Sills died of cancer Monday night, at 78, and it’s impossible to imagine a singer having that kind of impact now. Through formidable vocal and dramatic gifts, good humor and a will of titanium, she changed the face of opera in America. A frequent and hilarious guest on Johnny Carson’s “Tonight Show,” she sang with Miss Piggy, Carol Burnett, and Danny Kaye, wanting people to know, she liked to say, “that opera singers don’t have horns.” Immeasurable numbers who had once evinced more interest in oral surgery than in opera suddenly embraced it.

Before she lost her baby teeth she was already singing on the radio (“I had 65 curls on both my chubby heads”). She began vocal studies at the freakishly early age of 7, when she had already memorized more than 20 arias from recordings her mother played. Sills stayed with that teacher, Estelle Liebling, for more than three decades, getting technique pounded into her. That resulted in the cornerstones of her vocal production, flexibility and breath control. At her peak in the 1960s and 1970s, she could float passages over a full orchestra; she could sing long runs in which each individual note was clear but which ran down a listener’s back like melted chocolate. She had a trill that could wind a clock, and could color her voice from shimmering silver or almost transparent blue to dark red.

All this would have insured a good career, but what truly set Sills apart was her insistence on the marriage of text and music. Her Lucia wasn’t jut mad, she was off-the charts mad; her Manon seduced not just a priest but 3,000 people in the theater. Sills’s rock-solid technique made it possible for her to take on heavier roles than other lyric coloratura sopranos. If singing a meaty, fiendishly demanding part such as Queen Elizabeth I in Donizetti’s “Roberto Devereux” cut a few years off her career, so be it. Neither Sills nor anyone who saw her as the aged, impassioned monarch (in one performance, she slapped a tenor so hard his false mustache fell off) would have traded it for something safer. She was a risk-taker, willing to sing lying on her back or with her back to the audience. In Rimsky-Korsakov’s “Le Coq d’or,” she wore a kind of harem outfit while doing a belly dance. “I figured a moving target was safest,” she said. Sills was very funny, and very, very smart. There were singers with bigger, steelier, richer voices, but in her combination of talents and in her range of repertoire, she was just about peerless.
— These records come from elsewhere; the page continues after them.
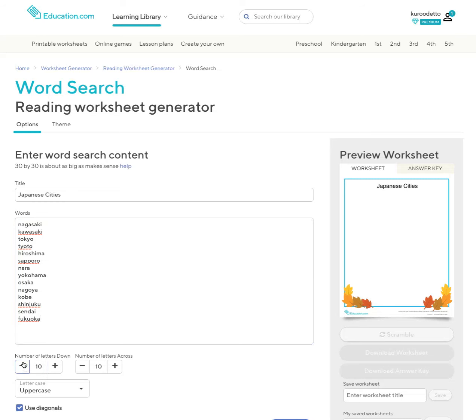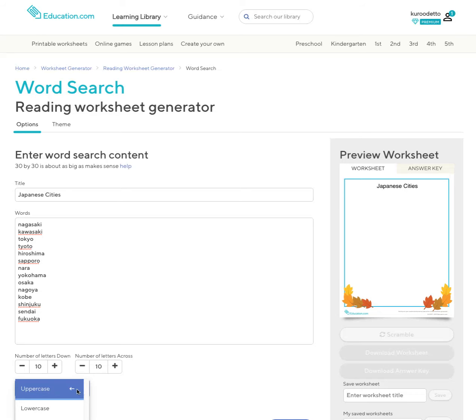Then you can select the number of letters down or number of letters across. I'm going 10 by 10 and I'm going to change uppercase to lowercase.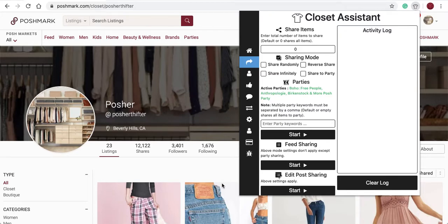In this video, we'll discuss how to use the Closet Assistant to share to a party. When parties are underway, under Parties, Active Parties, you'll see a notification of the current party that is underway. If no current parties are underway, you'll see the word None. Currently, there is a party underway — the Free People, Birkenstock, and more Posh Party.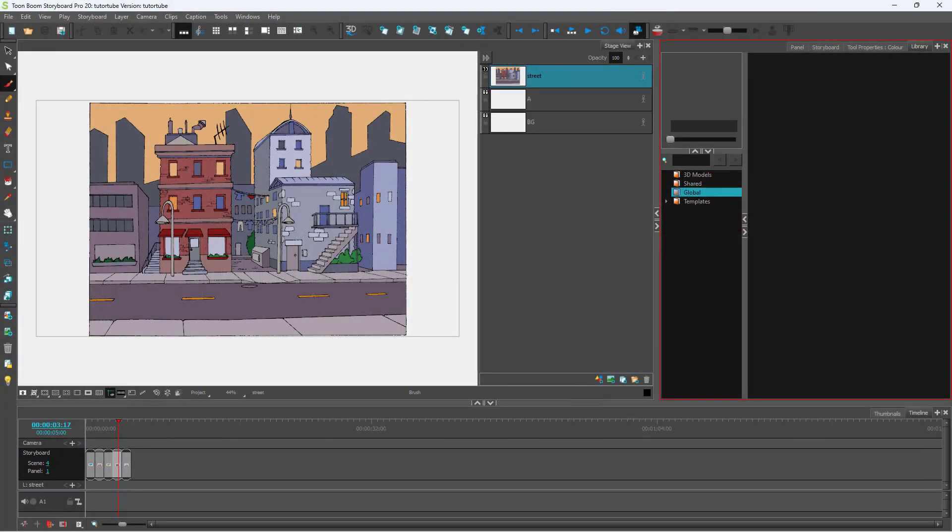So this is a Toon Boom Storyboard file right here. But sometimes what you may want to do is export this out to Toon Boom Harmony and then continue working in Toon Boom Harmony.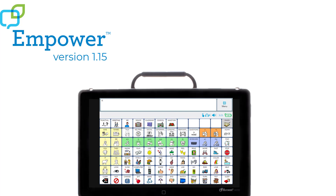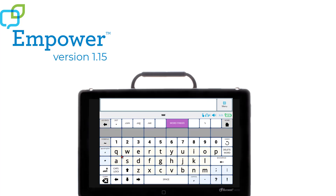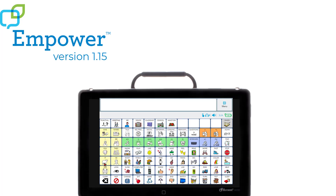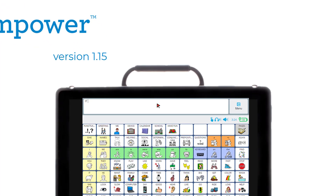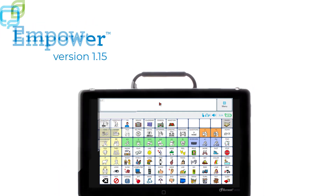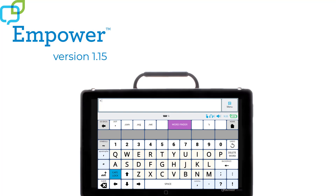Let's turn on the caps lock. I'll go to my keyboard and select caps lock. I can tell caps lock is turned on because the button turns blue. Now, back in my vocabulary, when I select the word 'it', you'll see that both letters are capitalized in the message window. This means when spoken from the message window, you will hear 'IT' instead of the word 'it'. By going back to the keyboard and turning the caps lock off, you can change this.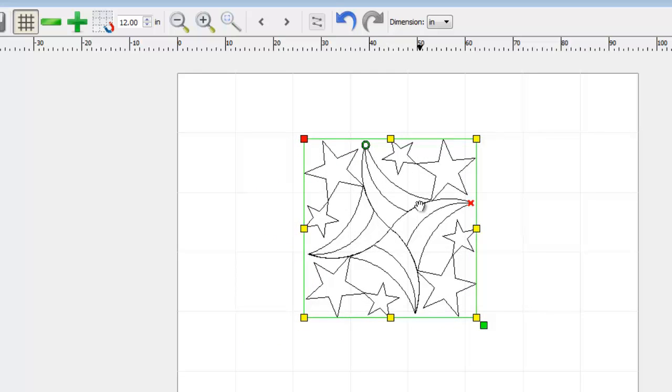We've now covered how to use the grid features in Quilt Manager. In the next tutorial, we'll cover the zoom features of Quilt Manager.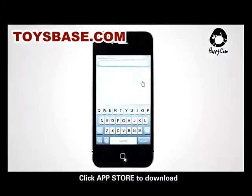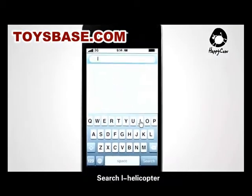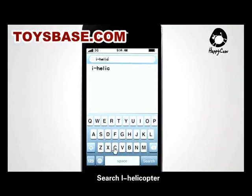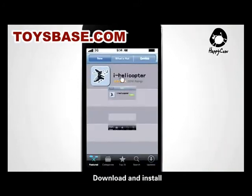Click App Store to download. Search iHelicopter. Download and install.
Her professional life was often triumphant; her personal life, far less so. She was happily married to Peter Greenough, a former newspaper columnist who died last year, for almost 50 years, but their daughter, Meredith, is profoundly deaf and their son, Peter Jr., is severely retarded and autistic. Before the births of her children, Sills had always been a good, dependable singer. But after taking a leave of absence to be with them, she came back a different artist. Her only worry-free moments, she said, were when she was onstage, and the stage was her liberator. She became artistically fearless, and she tore through the musical world. In 1974, she had a serious but successful cancer operation and returned to performing almost immediately.
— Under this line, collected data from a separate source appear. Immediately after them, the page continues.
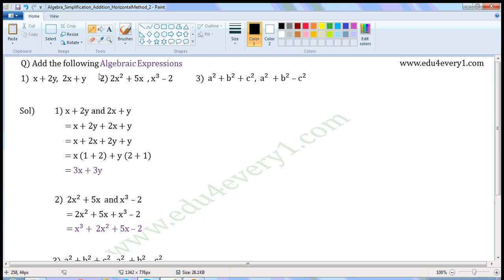Add the following algebraic expression. First set of expressions: x plus 2y and 2x plus y. We have to add them, so we can write this as x plus 2y plus 2x plus y.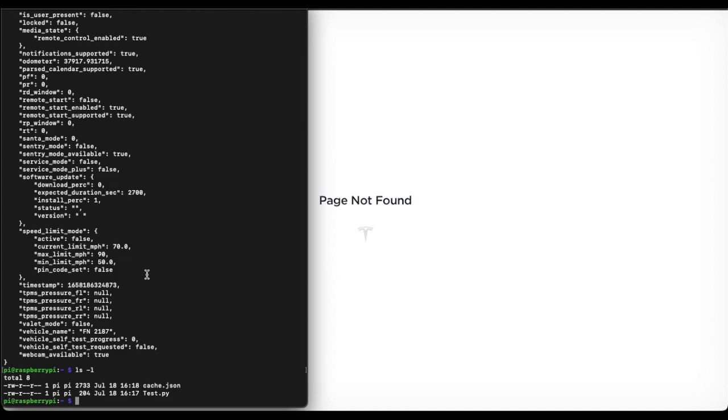You could still fully automate this with something like Selenium. But using the refresh token really makes that unnecessary, in my opinion. Of course, if you want to tweak it more, you can clone Tim's repository and then customize it further. But that's it for now.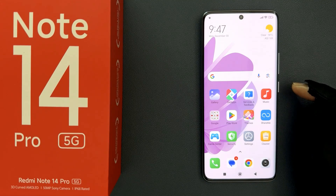Hey guys, in this video I will show you how to turn on OTG on Redmi Note 14 Pro 5G. So let's start.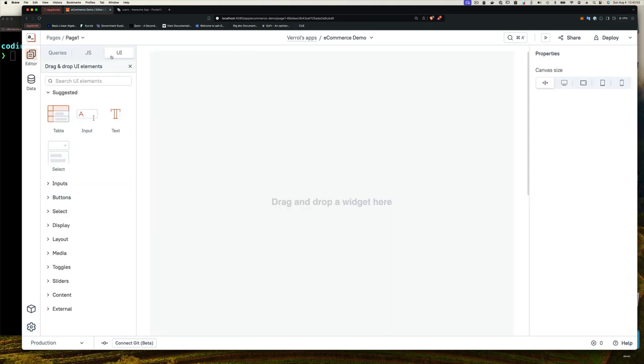And in the editor, you can see we have three tabs. We have queries, JavaScript, and UI. For today, we're going to focus on just this UI tab.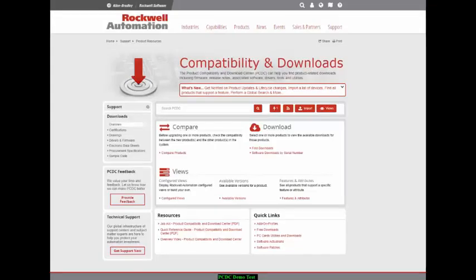Today you spent some of your valuable time with us to experience the Product Compatibility and Download Center, and its value in helping you better manage your Rockwell Automation Assets. Let the Product Compatibility and Download Center be your single source to better manage your automation investment. Along the way, please provide us feedback. Thank you.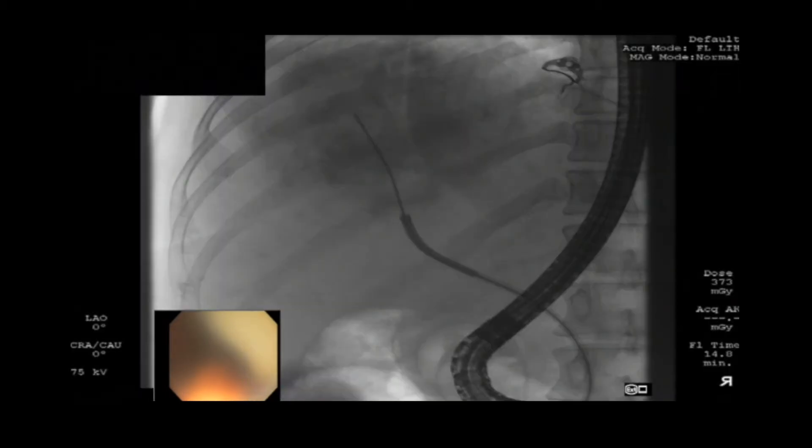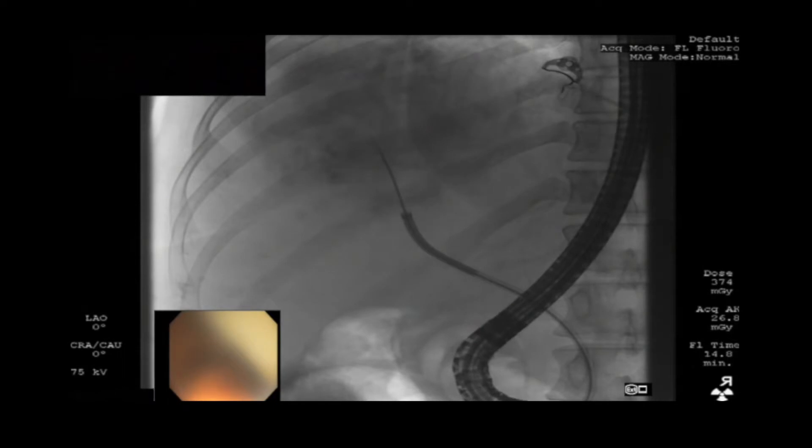Biopsy forceps were deployed through the cystobiliary fistula and into the echinococcal cyst to mechanically disrupt the cyst contents. Newly destroyed cyst contents, including hydatid sand, brood capsules, and membrane fragments, were suctioned through the cystobiliary fistula using the cholangioscope.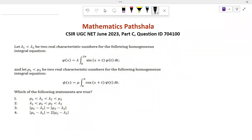Hi everyone, welcome to Mathematics Parsella. Today I will discuss about a problem which came in CSIR NET June 2023, Part C, from integral equations.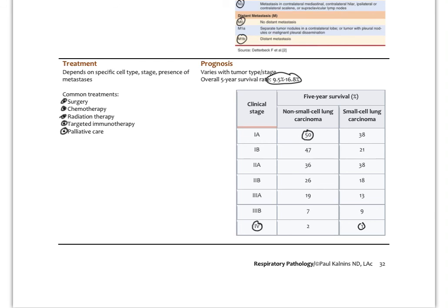That wraps up diseases and disorders of the respiratory system. Be sure to be familiar with all the major upper and lower respiratory disorders discussed, the clinical presentations, the assessments, and the basic biomedical treatments. You can add to that your treatments depending on the therapeutic order — acupuncture, herbal therapy, nutrition, and other modalities you learn along the way.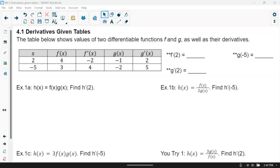In this lesson, we're going back to reviewing our rules — product rule, quotient rule, composite — given our values in the form of a table. Just so we understand how to read this: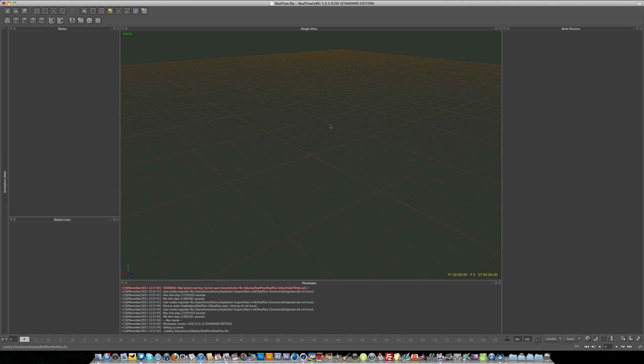Welcome one and all to the first in the series of RealFlow tutorials where I'm going to be covering the basics of RealFlow. In this video, it's just a really short video, just an introduction into RealFlow, and we're going to be taking a look at the user interface and also keyboard shortcuts.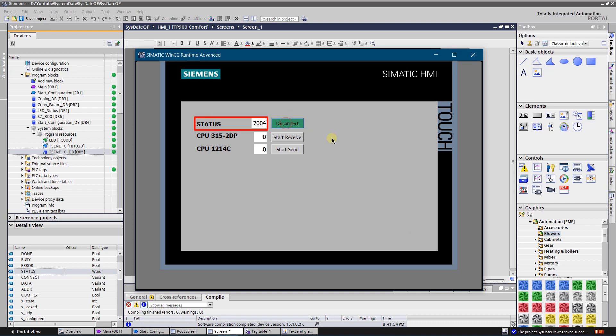Status returns value 7004 in hex, which means that communication connection has been established, and this connection is under monitor. It also identifies that there is no active job. So it means that connection to the remote partner is successful.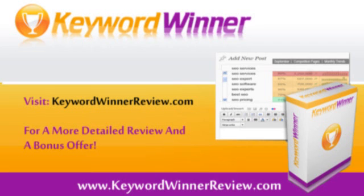So that's a quick sneak peek into the Keyword Winner plugin. I'm going to do a couple more videos about a couple of other features but if you want to know more, check out my special Keyword Winner website KeywordWinnerReview.com and there will be a lot more information plus a special bonus if you're interested in buying. Thanks.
Though Sills hadn’t sung in the last 27 years, her recordings still sell well. In a way, she never really left the stage. After performing with the New York City Opera for 25 years, she ran the company for another 10; then became chairwoman of Lincoln Center for the Performing Arts, and after that, chairwoman of the Metropolitan Opera. Just months before her death, she was still appearing regularly as a commentator on the Met’s broadcasts and telecasts, and it’s deliciously ironic that the company’s $50,000 annual prize to a young singer is the Beverly Sills Artist Award.

“The arts are the signature of a civilization,” she often said, exhorting anyone within reach—concertgoers, tycoons, the government—to open their checkbooks. She was a legendary fundraiser, not just for the New York City Opera and the Met, but for the Mother’s March on Birth Defects and for the Multiple Sclerosis Society. Her brain was an Elias Sport Bureau of financial reports and balance sheets, and there’s a joke about her fund-raising skills. The engines on a trans-Pacific flight have failed. “The good news is that I know an uncharted island and can land the plane there,” the pilot tells his passengers. “The bad news is that no one will ever know we’re there.” Pandemonium ensues, but one businessman continues calmly reading his Wall Street Journal. A flight attendant asks if he heard the pilot’s message. “Oh, yes,” the man says. “But yesterday I made a $50,000 pledge to Beverly Sills. She’ll find me.”

Sills always said that she had a love affair with her audience, and she did. She ended her recitals with a folk song that she learned, at 10, from her teacher. “Time has come for me to leave you, ’tis the moment for good-byes,” she sang. “You’ll be forever in my heart.” To which anyone who ever had the good luck to hear her can only say, right back at you, Beverly.